PEA reflects a reality where development programmes are funded, owned and implemented by outsiders. PDIA – the process by which states deliver their own reforms – shouldn’t really need the kind of ‘rules of the game’, full bells and whistles PEA analysis that outsiders need in order to understand the context. Reformers in country may pursue reforms that aren’t technically or politically feasible, of course, but the basic contextual knowledge is there. Anyone can need help thinking through how to unblock reforms or how to generate necessary political will, but only external actors need the sort of ‘full blown’ PEA that ends up in training courses for donors and INGOs. But Everyday Political Analysis, stakeholder mapping, risk analysis, horizon scanning etc can be used by national as well as external actors. The outputs might still be rubbish, and bad PEA can generate its own problems, of course. We definitely need better (any?) evidence on this.

But PEA ≠ TWP.  This is important.

Thinking & working politically (TWP)

Unlike PEA, thinking and working politically isn’t a tool, or even an approach. It’s a way of thinking and working that keeps the understanding that everything is political front and centre. It is, at its heart, how people ‘parlez-vous politics’ (see this and this). It isn’t something that only aid people do. It’s not even something that only policy makers do. My dad – a carpenter and fisherman – thinks and works politically better than anyone I’ve ever met.

Research shows how TWP has helped local reformers get from political won’t to political will. Research  looking at how a donor supported local civil society in better holding the Nigerian government and oil companies to account, to understanding how government agencies in India and China have ‘bundled’ climate change with other priorities in order to make change happen, to getting more High Net Worth Individuals paying tax in Uganda, and through this we’re learning more and more about how TWP – by local actors, sometimes supported by external actors and sometimes not – helps make progress on specific problems. The size of the impact from better evidence on this is potentially vast.

Without TWP, PDIA can build states’ capability in ways that could do harm. Capable states can do unspeakable things, after all.

Without TWP, adaptive programmes can do the wrong things flexibily and adaptively: starting with solutions and not problems, hitting the political will wall and, of course, doing harm.
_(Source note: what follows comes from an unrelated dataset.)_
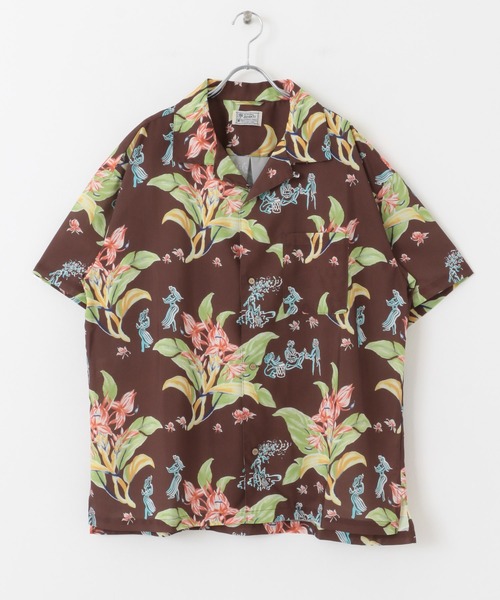 Avanti（アヴァンティ）の「『別注』AVANTI×Sonny Label　アロハショートスリーブシャツ（シャツ/ブラウス・メンズ・ブラウン系その他/ホワイト系その他/ブルー系その他・MEDIUM/LARGE）」の17枚目の写真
Without TWP, PEA could be just another programme input that sits on a shelf and doesn’t actually do anything. And, of course, rubbish PEA, done poorly,aimed at the wrong level or coming at the wrong time could lead to poor decisions that (one more time…) do harm.

As an incredibly experienced aid practitioner and diplomat once said in a TWP Community of Practice meeting, ‘TWP should be firstly about not f***ing things up’. By getting our TWP alphabet right, and having a good evidence base, we can bring focus back onto state capability, think more clearly about how best to do adaptive programming and to use PEA, and we can stop f***ing stuff up. That seems pretty important to me.